Tuesday, 10 April 2012

Schools of Thought

A recent BBC Question Time panel was asked what their opinion was on selective schooling and not a single member of the panel came out in favour of it.
This seems to prove that our professional politicians are out of touch with what the mass of ordinary people want, in this respect as in so many.
It was Labour who forced the whole state education system to go comprehensive. This has merely meant that elitism takes different forms. For those children whose parents can afford to move into the cachement area of a successful school, and those whose families can afford private school, a good education is usually available. For those who cannot, the comprehensive offers only a sink-or-swim education in a miscellaneous class where everything has to be "dumbed-down" to the lowest level. Well, nearly the lowest. Labour did everything it could to close down schools for ESN pupils, and incorporate them in the mainstream, insisting that "one size fits all". This was a nightmare for teachers and it was useless for the ESN pupils as well.

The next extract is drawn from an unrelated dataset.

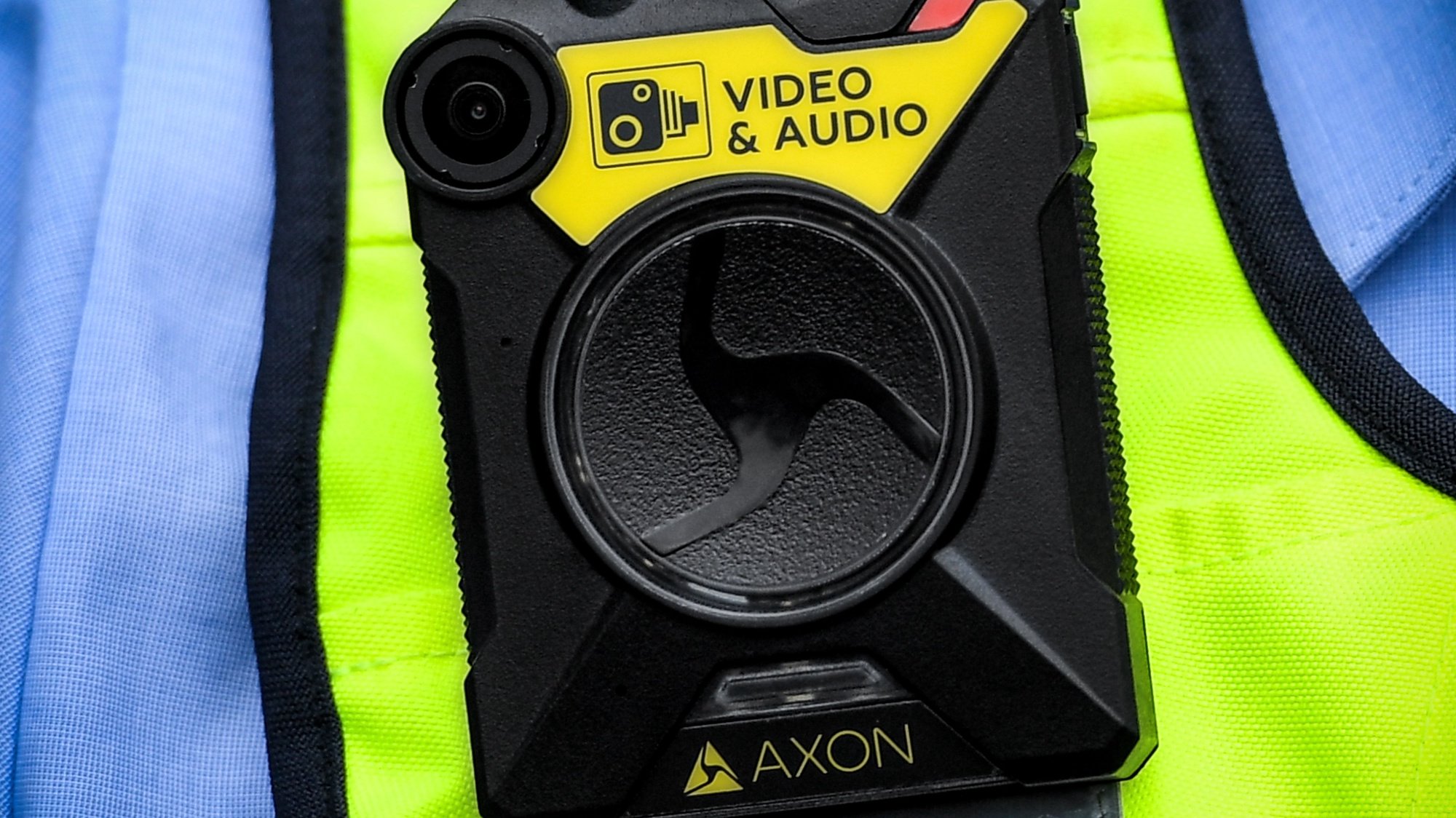 epa07868790 Police officers present new introduced bodycams (L) for North Rhine-Westphalian police in Cologne, Germany, 25 September 2019. The de-escalating effect of the bodycams is intended to protect police officers from attacks in patrol service.  EPA/SASCHA STEINBACH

In the post-war period, Britain had a series of Prime Ministers who had been to grammar schools. The last one was John Major. Since then, there has been a noticeable lurch back in direction of rule by public-school educated leaders. The reason is obvious - pupils from comprehensives are far less likely to get into university and develop the sort of skills needed to become an MP. The comprehensive system has actually reduced social mobility. We have had to resort to imposing quotas for state-school pupils admission at universities. There could be no stronger proof of the failure of the comprehensive system - unless it is that the new academies and "free schools" being set up across the country are finding that they are swamped with applications. They are not called "grammar schools" but what does that matter? A selective school, or a streamed school, does not have to follow an old-fashioned curriculum. It does not have to teach Latin or Greek. It would be something if we could at least raise the study of modern languages above the abysmal level to which Estelle Morris and the comprehensive system have let it sink.
The parents who are jostling to get their children into the new academies and free schools should ask why they have no politicians who represent their views. The LibLabCon are unanimous in supporting the comprehensive system (although most of them get round it when it comes to their own children. Tony Blair and Nick Clegg wriggled out by sending their offspring to Catholic schools - slick move!).
If you want to vote for a party that will give back a chance of first-rate education in the state system and social mobility for the bright child of poor parents, vote UKIP.